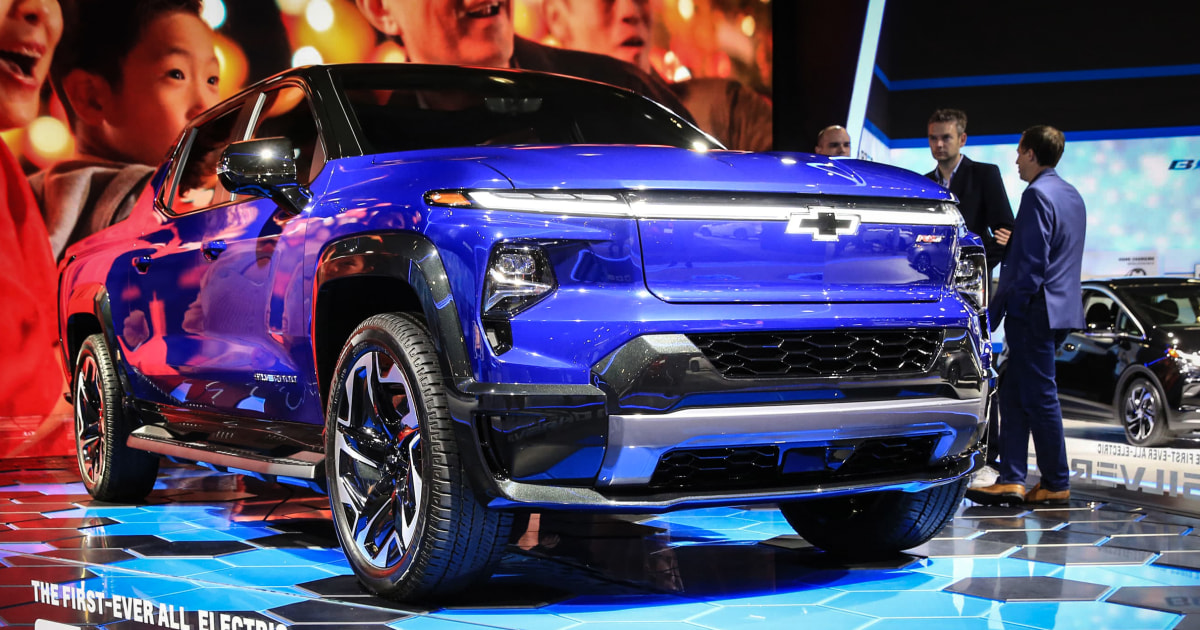 GM unveils new 'groundbreaking' EV battery tech, aims to be first to market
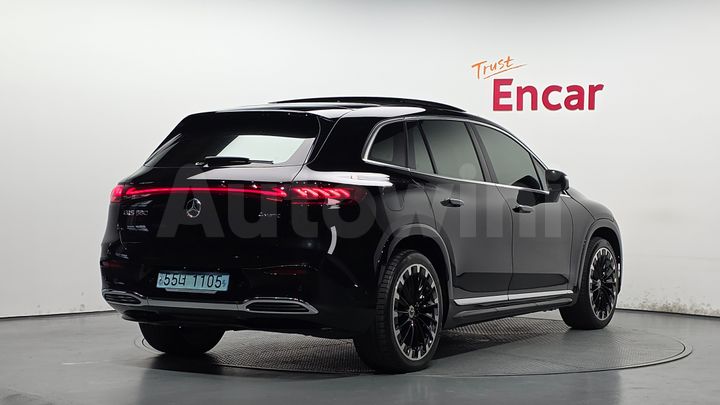Mercedes Benz EQS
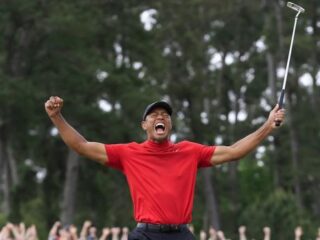Historische winst 'Comeback King' Tiger Woods maakt veel reacties los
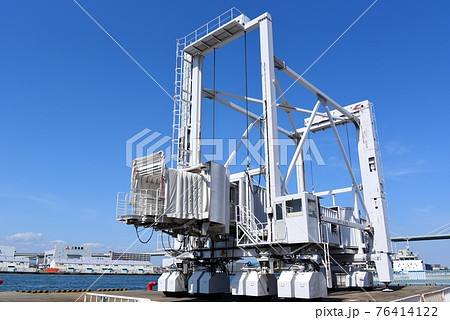 大阪天保山埠頭の自走式タラップ 76414122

## TASK TO COMPLETE
If pictures appear in the data, do not print them; repeat the rest exactly.

## TASK RESULT
 GM unveils new 'groundbreaking' EV battery tech, aims to be first to market
Mercedes Benz EQS
Historische winst 'Comeback King' Tiger Woods maakt veel reacties los
 大阪天保山埠頭の自走式タラップ 76414122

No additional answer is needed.